I’ve written many times about the risks of Trump’s authoritarianism and his impulse for violence. But I also have some qualms about dictatorship discourse, which I think fails to capture the full complexity of the possible dark outcomes that the United States faces in the remainder of the 2020s. In particular, I think focusing just on the risk of “dictatorship” vs. “freedom” misses another crucial axis of contention, which is “stability” vs. “anarchy”. Trump might try to establish a dictatorship, but it doesn’t seem that likely to me that he’ll succeed. Rather, his attempts might plunge the country into something more akin to anarchy, producing inter-communal violence, balkanization, and a progressive loss of governmental legitimacy and authority. Crucially, this remains a threat even before the 2024 election and even if Trump doesn’t make serious efforts to establish a dictatorship after it.
The outcome might also be some combination of these things. You can have highly stable dictatorships, but you can also have anarchic ones, in which the government is simultaneously too powerful and too weak.
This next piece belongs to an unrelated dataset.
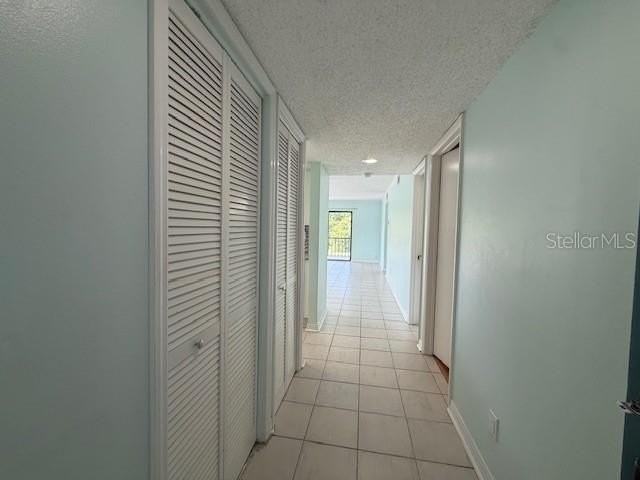 2737 Enterprise Rd E #152 - Photo 6 of 41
Governments like this thrash their power around and oppress their opponents, but by doing so they undermine their own legitimacy and bring about the steady erosion of any other form of authority except brute force.
Imagine that it’s March 2025, and President Donald Trump declares illegal immigration to be functionally equivalent to an invasion and announces that he is calling in the military to round up the undocumented and place them in detention camps prior to their deportation. States and localities then refuse to cooperate and even begin actively attempting to protect the undocumented from federal authority. Trump declares California, Oregon and Chicago to be in a state of rebellion, invokes the Insurrection Act, and orders the military to seize their organs of civil government. Soon, military and civil officials are refusing to comply with his orders, a dozen courts have enjoined various aspects of them, and there are mass protests in American urban centers on a scale unseen since the summer of 2020.
In this scenario, the result of Trump’s actions is not dictatorship - it’s anarchy. At a stroke the federal government has lost all of its legitimacy in the eyes of large swathes of the country, and it has become effectively paralyzed. But at the same time, the right - militias, red-state voters, and a GOP majority in Congress - are becoming increasingly polarized and calling for violence to be used to enforce the president’s orders and reassert federal authority at gunpoint. Local police forces and red-state security agencies like the Texas Rangers might attempt to enforce the president’s deportation orders even as the federal military refuses to. It would be the country’s greatest crisis since the civil war, one after which it might take decades to stitch the country back together. But it wouldn’t be a dictatorship.
This kind of anarchic crack up is not impossible to imagine even before the November 2024 election. One problem I have with the “dictatorship” discourse is that it focuses our attention on what might happen after January 2025. But Trump remains a threat to American freedom and stability even today, and that threat will only increase once his criminal trials begin.